CPU times: user 121 ms, sys: 17.9 ms, total: 139 ms
Wall time: 10.9 s


### 6.2 Real-World Data

In [37]:
f = open("spambase.data","r")
df = pd.read_table('spambase.data', sep=',', names=range(58))
df = np.array(df)

In [38]:
from kmeans_func import KMeans
from kmeanspp_func import KMeansPlusPlus
from scalablekmeanspp_func import ScalableKMeansPlusPlus

k = 20

# random
Rcentroids_initial = df[np.random.choice(range(df.shape[0]), k, replace=False),:]
Routput_k = KMeans_cy(df, k, Rcentroids_initial)

# KMeans++
Rcentroids_initial_kpp = KMeansPlusPlus_cy(df, k)
Routput_kpp = KMeans_cy(df, k, Rcentroids_initial_kpp)

Converge
Converge


In [39]:
# Scalable KMeans++ with l=2/k
Rcentroids_initial_spp = ScalableKMeansPlusPlus(df, k, k/2,weighted = True)
Routput_spp = KMeans_cy(df, k, Rcentroids_initial_spp)

# Scalable KMeans++ with l=2*k
Rcentroids_initial_spp2k = ScalableKMeansPlusPlus(df, k, k*2,weighted = True)
Routput_spp2k = KMeans_cy(df, k, Rcentroids_initial_spp2k)

Converge
Converge
Converge
Converge


In [40]:
print("Clustering Cost:")
print("Random:", clusterCost(df, Routput_k)) # Random 
print("KMeans++:",clusterCost(df, Routput_kpp)) # KMeans++
print("Scalable KMeans++(l=2/k):", clusterCost(df, Routput_spp)) # Scalable KMeans++
print("Scalable KMeans++(l=2k):", clusterCost(df, Routput_spp2k)) # Scalable KMeans++

Clustering Cost:
Random: 15293.8932604
KMeans++: 2344.39493059
Scalable KMeans++(l=2/k): 5766.82861831
Scalable KMeans++(l=2k): 8717.02948687


From the clustering cost above, we could see that the `KMeans++` and `Scalable KMeans++` works much better than random initial centroids.

In [41]:
%%time
k = 20
l = 10
a = KMeansPlusPlus(df, k)  # KMeans++ 
b = KMeans(df, k, a)

Converge! after: 23 iterations
CPU times: user 4.38 s, sys: 835 ms, total: 5.22 s
Wall time: 5.38 s


In [42]:
%%time
a = ScalableKMeansPlusPlus(df, k, l) # Scalable KMeans++
b = KMeans(df,k,a)

Converge! after: 55 iterations
CPU times: user 9.38 s, sys: 1.17 s, total: 10.5 s
Wall time: 10.7 s


In [43]:
%%time
a = ScalableKMeansPlusPlus_cy(df, k, l) # Scalable KMeans++ with cython 
b = KMeans_cy(df,k,a)

Converge
CPU times: user 16.2 s, sys: 1.58 s, total: 17.8 s
Wall time: 18 s


In [44]:
%%time
a = ScalableKMeansPlusPlus_p(df, k, l) # Scalable KMeans++ with parallel
b = KMeans_cy(df,k,a)

Converge
CPU times: user 24.1 s, sys: 2.52 s, total: 26.7 s
Wall time: 27.9 s


#### Spark

In [45]:
%%time
from pyspark.mllib.clustering import KMeans
pdf = sc.parallelize(df)
df_model = KMeans.train(pdf, k, maxIterations=1000, runs=10, initializationMode="kmeans||")

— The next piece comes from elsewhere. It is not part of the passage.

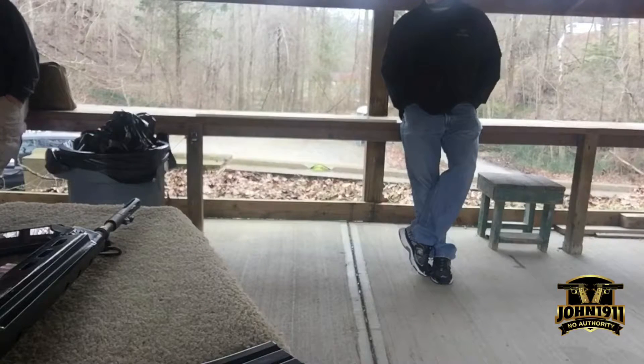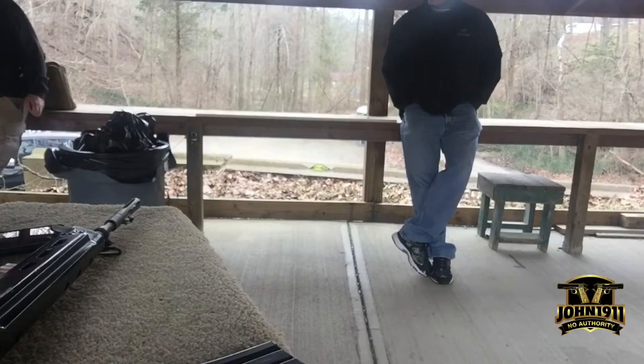But Winchester put a faster twist on it so you can use heavier bullets, and they got all the publicity. The Remington cartridge really suffered. So is it basically a wildcat now? You can get it, but there's not a lot of it. Actually, the .244 is a better performer with the right twist barrel than the .243.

CPU times: user 121 ms, sys: 40.3 ms, total: 161 ms
Wall time: 5.87 s


## 7 Coclusions

From the implementation on the simulated data and the real-world dataset, the `k-means||` and `k-means++` find a better initial centroids than random in most cases, which leads to a better final clustering performance. Also, `k-means||` runs faster than `k-means++`, since it runs a fewer number of rounds and been speed up in the parallel implementation.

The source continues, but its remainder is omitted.